A few years later, I was working at Forterra (back when it was still called Cascade Land Conservancy), but now working on conservation of habitat for wildlife and for people. I loved this line of work, and eventually made the switch to urban stewardship to focus on making cities more livable, and reducing pressure on the natural landscapes that make our region so incredible. I worked with several Puget Sound cities to create community forestry restoration programs in Kirkland, Tacoma, and Redmond.
About this time, I discovered landscape architecture through one of the community groups, the Great Cities Initiative, who were also working to revitalize Seattle, but with more of a focus on design for people. Actively shaping city spaces – streets, parks, plazas, waterfronts, and oh so much more, so that people would want to (if not love to) live in cities sounded right up my alley. I jumped in headfirst to the University of Washington’s Landscape Architecture program where, from the first day of classes, I knew I had found the right career. I found an inspiring mentor in my professor, Nancy Rottle, and worked with her in the Green Futures Lab writing grants and generally spreading the gospel of sustainable design.
As a licensed Landscape Architect, I’ve worked on a range of project types such as private residences, multi-family housing, parks, civic spaces and campuses, and I have loved every one of them. I got to work for Rich Haag on several private residences in Seattle and the San Juan islands, learning about client care, plants, and the art of storytelling along the way. At Mithun and then GGLO, I worked on larger commercial, civic and campus projects and discovered my preference for working in an integrated design office – the process and final design are simply better, and I enjoy being part of the decision-making process. That’s one of the many reasons I joined Board & Vellum.

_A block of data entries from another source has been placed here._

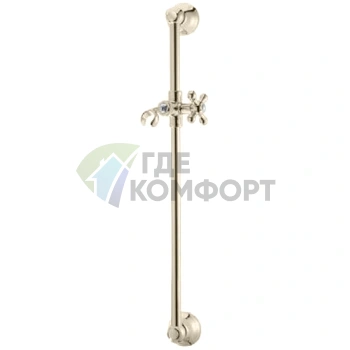 Душевая штанга Nicolazzi Doccia 545 мм с держателем, цвет Polished Nickel (C8071NL) - фото 1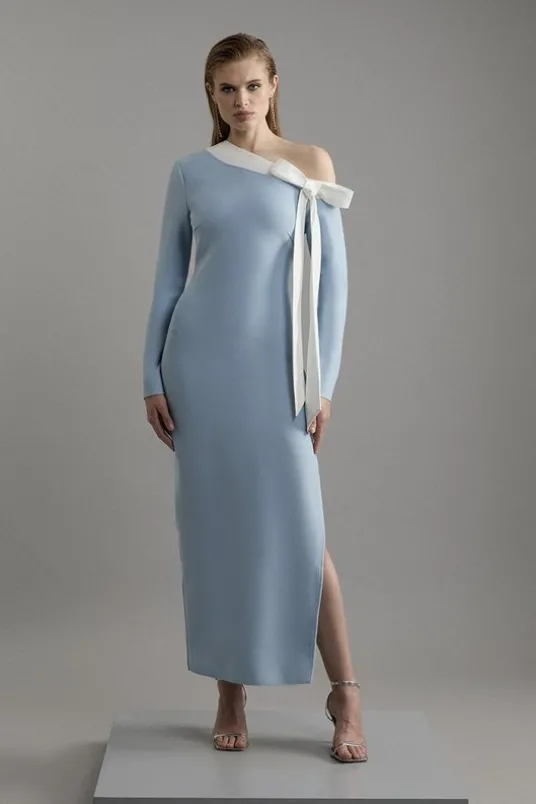 Figure Form Bandage Knit Contrast Bow Detail Midaxi Dress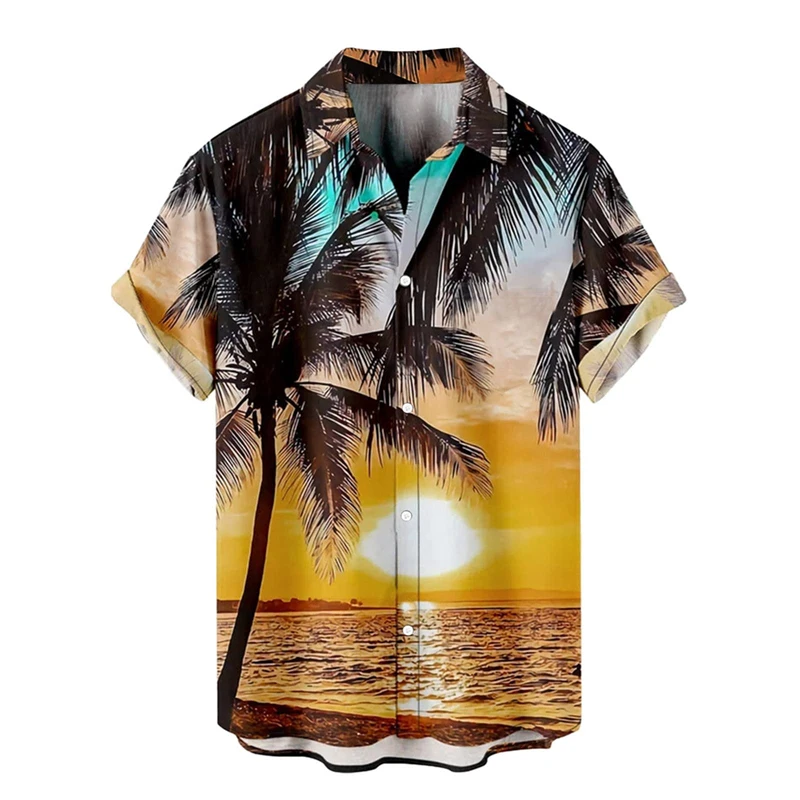 

3D Printed Hawaiian Beach Shirts Coconut Tree Graphic Shirts for Men Clothing Short Sleeve y2k Tops Vintage Clothes Lapel Blouse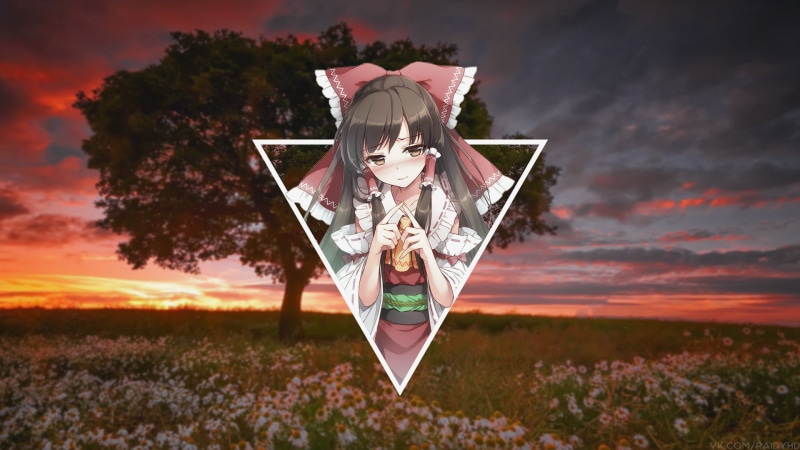 博丽灵梦绝美风景壁纸合集 林间夕阳下的巫女少女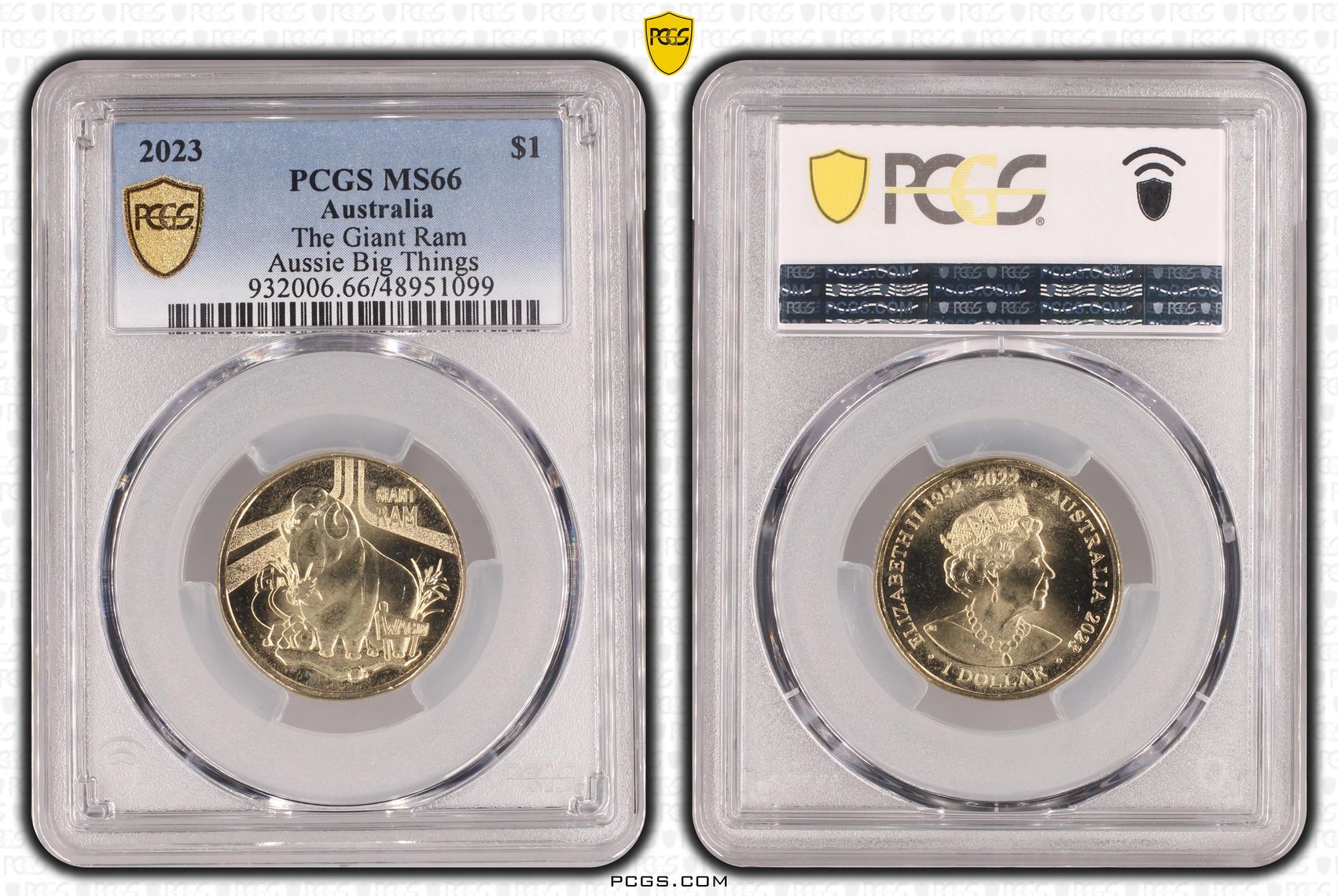 347 · Elizabeth II, The Giant Ram Aussie Big Things , One Dollar, 2023, PCGS MS66
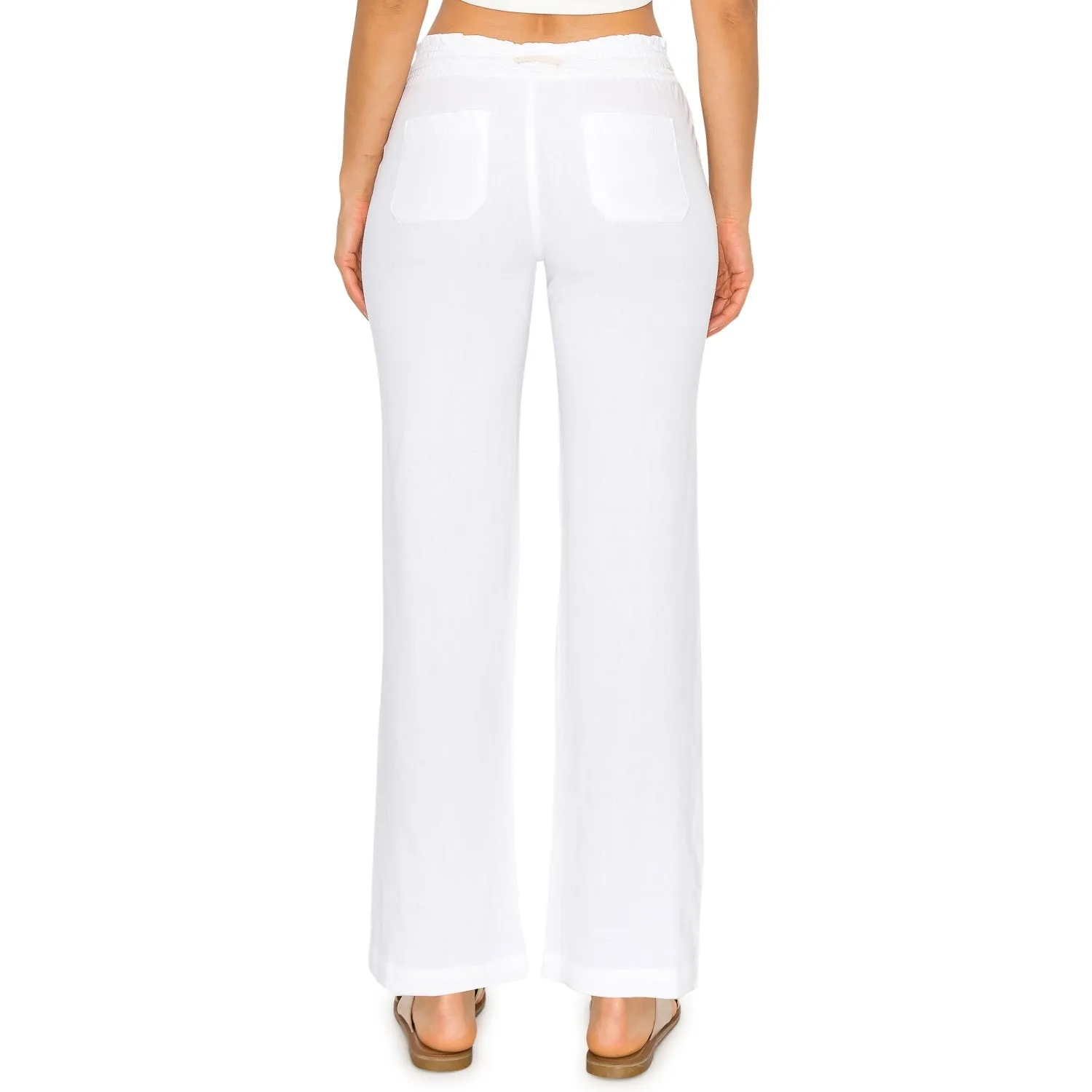Linen Pants 29" Inseam Drawstring Smocked Waist Beach Pants - White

Don’t worry! I do get out of the office, and am always in search for an adventure such as a trip abroad, a bike tour, or learning to make our own wine. My husband and I lead an annual Wine Country tour where we take friends on a leisurely bike tour through different Pacific Northwest wine regions. We’re all looking forward to the 10th year when we go to Umbria.
Otherwise, time in the mountains is always a good time in my mind.Bottom line of all this text: landscape architecture is really fun, and I can’t wait to work on your project!